Hey guys. Just did some testing. If you have a look at
sword/tests/xmltest and try the problem case:
./xmltest "<title type='nested \"quotation\" '/>"
(xmltest already tries to add an attribute to your input which tests for
embedded quotes, so you'll see an addedAttribute in your output)
You get:
[scribe@charis tests]$ ./xmltest "<title type='nested \"quotation\" '/>"

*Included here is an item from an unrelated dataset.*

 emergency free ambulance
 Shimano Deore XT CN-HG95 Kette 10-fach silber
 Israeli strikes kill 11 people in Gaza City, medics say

<title type='nested "quotation" '/>
<title type='nested "quotation" '/>
<title addedAttribute='with a " quote' type='nested "quotation" '/>
Tag name: [title]
- attribute: [addedAttribute] = [with a " quote]
4 parts:
with
a
"
quote
- attribute: [type] = [nested "quotation" ]
3 parts:
nested
"quotation"
isEmpty: 1
isEndTag: 0
It is a little odd that the second attribute has "3 parts", but looking
at the example given, it have a space at the end, so I supposed this
might be correct.
Hope this is helpful in tracking this down,
Troy
On 10/26/2011 06:38 PM, DM Smith wrote:
On 10/26/2011 09:47 AM, Peter von Kaehne wrote:
Is there any actual credible reason for having quotation marks in
attributes? I agree that it may be grammatically correct for XML as
such, but OSIS's attributes are defined and do not contain quotation
marks. And x-marked attributes are largely thrown out during the
osis2mod run, no? Or at least ignored - apart from our own - like
x-preverse.
Peter
I had never spent the time to look at the allowable attribute values
in an OSIS document. Now, having looked at the schema, it is allowed
to nest quotes. See below for details.
I think there are many good reasons that a single quote will be found
in an attribute value. Many languages use it for other things than
quoting.
I can only think of a few, probably obscure, reasons for a double
quote to be there. E.g chapterTitle='xxx aka "yyy"', who='James
"Jimmy" Smith', ...
Osis2mod *should* allow for all well-formed, valid (both syntactically
and semantically) OSIS documents. Regarding quoting attribute values,
the recommendation still stands, use double quotes if at all possible,
but also avoid " and ' too. (Note that these entities are
only needed within attribute values and never elsewhere in the text.)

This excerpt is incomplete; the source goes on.